Sunday, December 14, 2008

Did Greek “Anarchist” Agents Provocateurs Torch Police?

Kurt Nimmo
Infowars
September 12, 2008

It looks like government agents provocateurs are out in force in Greece, attempting to discredit legitimate protesters outraged over the murder of 15-year-old Alexandros Grigoropoulos by the police.  

The demonstrations quickly transcended the murder and now encompass the plight of average Greek citizens as they endure economic hardship under the reign of PM Costas Karamanlis, a globalist stooge who has brought “privatization” and “structural reforms” to the country, in other words allowed the banksters to loot Greece. “The new generation of privatizations will accelerate growth and improve state revenues,” Karamanlis declared in 2006. In fact, this “new generation” of thievery has resulted in the current crisis. 

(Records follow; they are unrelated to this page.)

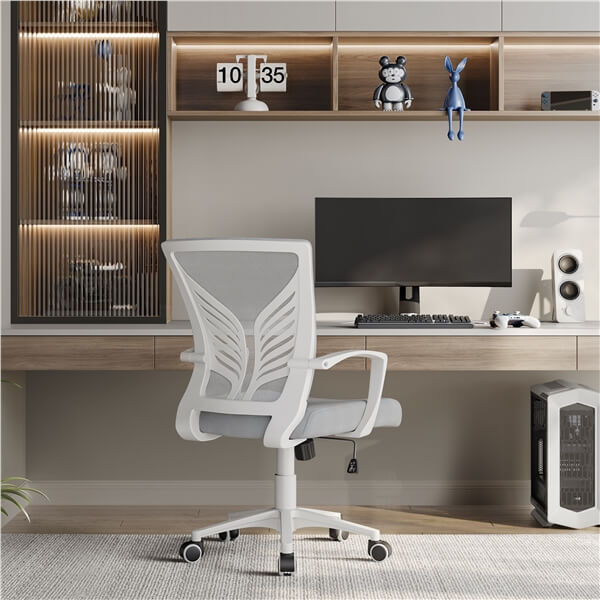 Yaheetech Ergonomic Mesh Office Chair with Adjustable Height, Swivel & Rolling Wheels - Perfect for Home Office, Gaming & Workspace Comfort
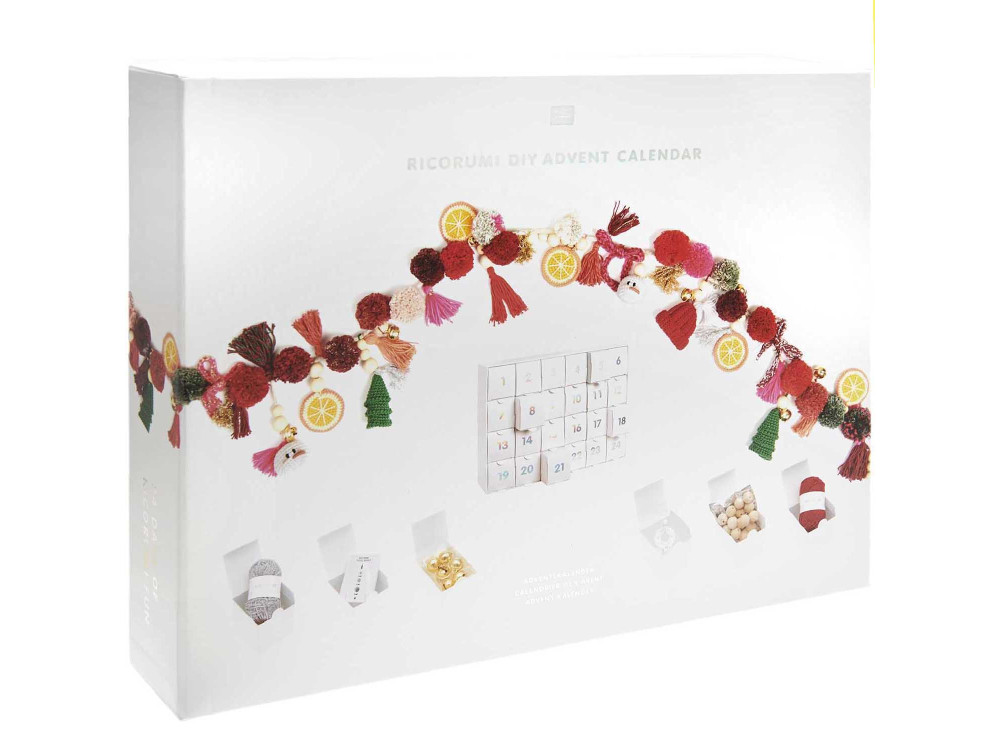 Kalendarz adwentowy Girlanda Ricorumi - Rico Design - 24 szt.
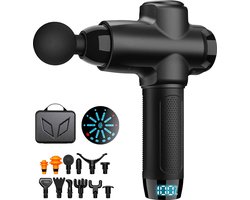 Voorjaars Aanbieding: LifeLoom® - Sport en Relax Massage Apparaat - Massage Gun - Professioneel 14mm Slag - Spiermassage - Triggerpoints - LCD Screen - 12 Massagekoppen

Karamanlis has rejected calls to step down and hold early elections and insists the country needs his “steady hand” to deal with the financial crisis engineered by the international bankers. “There should be no confusion between the emotions felt by young students over the tragic death of a colleague … and this destructive mania,” Karamanlis told the Associated Press. He quickly ran off to Brussels to consult his globalist masters after the demonstrations threatened his rule at the behest of the international elite.

It is no mistake this “destructive mania” has spiraled out of control. As the Pentagon’s Field Manual FM 30-31B states, the most dangerous moment arrives when political activists “renounce the use of force” and embrace the democratic process. It is precisely at this moment that “U.S. army intelligence must have the means of launching special operations which will convince Host Country Governments and public opinion of the reality of the insurgent danger,” that is to say the danger of non-violent democratic action. 


In Italy, this strategy worked perfectly under Operation Gladio, the CIA and NATO effort to sow violence and blame it on communists and socialists. “Many members of Operation Gladio were also in a shadowy organization known as P-2,” writes Mark Zepezauer, “it too was financed by the CIA…. One of P-2’s specialties was the art of provocation. Leftist organizations like the Red Brigades were infiltrated, financed and / or created, and the resulting acts of terrorism, like the assassination of Italy’s premier in 1978 and the bombing of the railway station in Bologna in 1980, were blamed on the left. The goal of this ’strategy of tension’ was to convince Italian voters that the left was violent and dangerous – by helping make it so.” 

Is it possible the Greek government is employing this very “strategy of tension” to discredit the growing calls for new elections and the ouster of the bankster stooge, Karamanlis? 

Obviously, torching police and attacking banks along Athens’ central Syntagma Square will only prompt the government to send out shock troops to deal with the “anarchists” who have stolen the momentum of the demonstrations from the people. “One protester walked up to the Tomb of the Unknown Soldier outside Parliament and threw a black-and-red anarchist flag at it,” reports the Associated Press. It is no mistake the corporate media is concentrating on this provocateur “anarchist” element, likely dispatched to discredit the opposition. No doubt sensational photographs of supposed anarchists throwing Molotov cocktails at cops will help in this effort.